Assignment:
Under this line are the records; repeat exactly the lines starting at the one containing "Muestra de película" and ending at the one containing "Single Family Residence in BELLEAIR BLUFFS", omitting pictures.

Data for review:
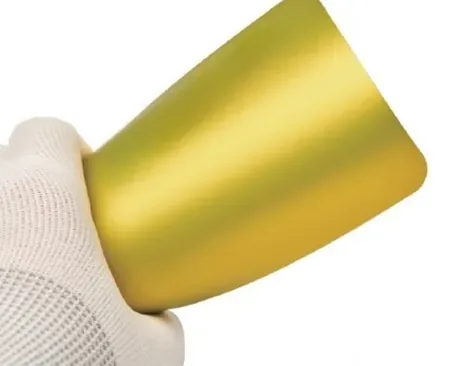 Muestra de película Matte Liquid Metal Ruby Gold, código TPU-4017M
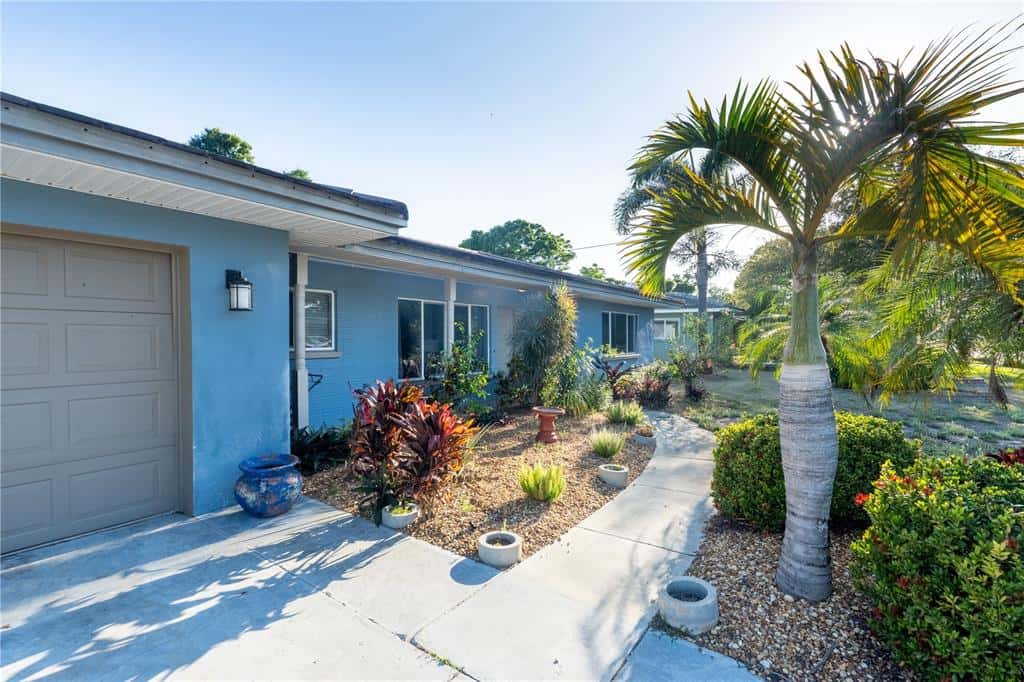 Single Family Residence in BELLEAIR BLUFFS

--

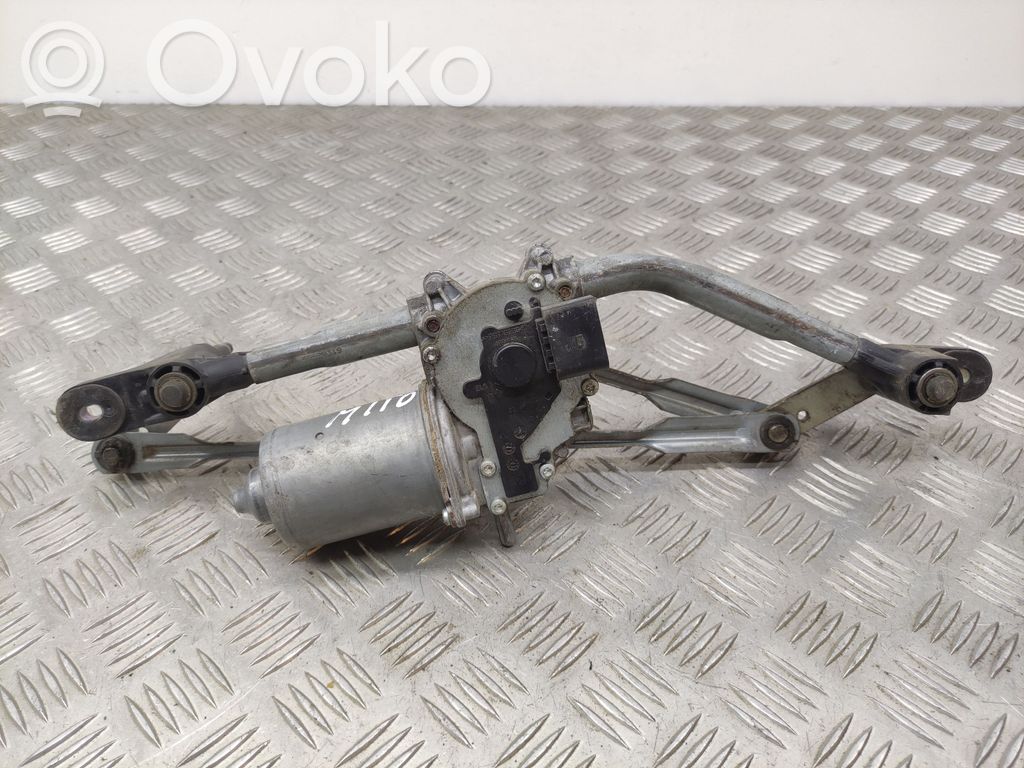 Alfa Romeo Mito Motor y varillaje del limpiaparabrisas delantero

Expected output:
 Muestra de película Matte Liquid Metal Ruby Gold, código TPU-4017M
 Single Family Residence in BELLEAIR BLUFFS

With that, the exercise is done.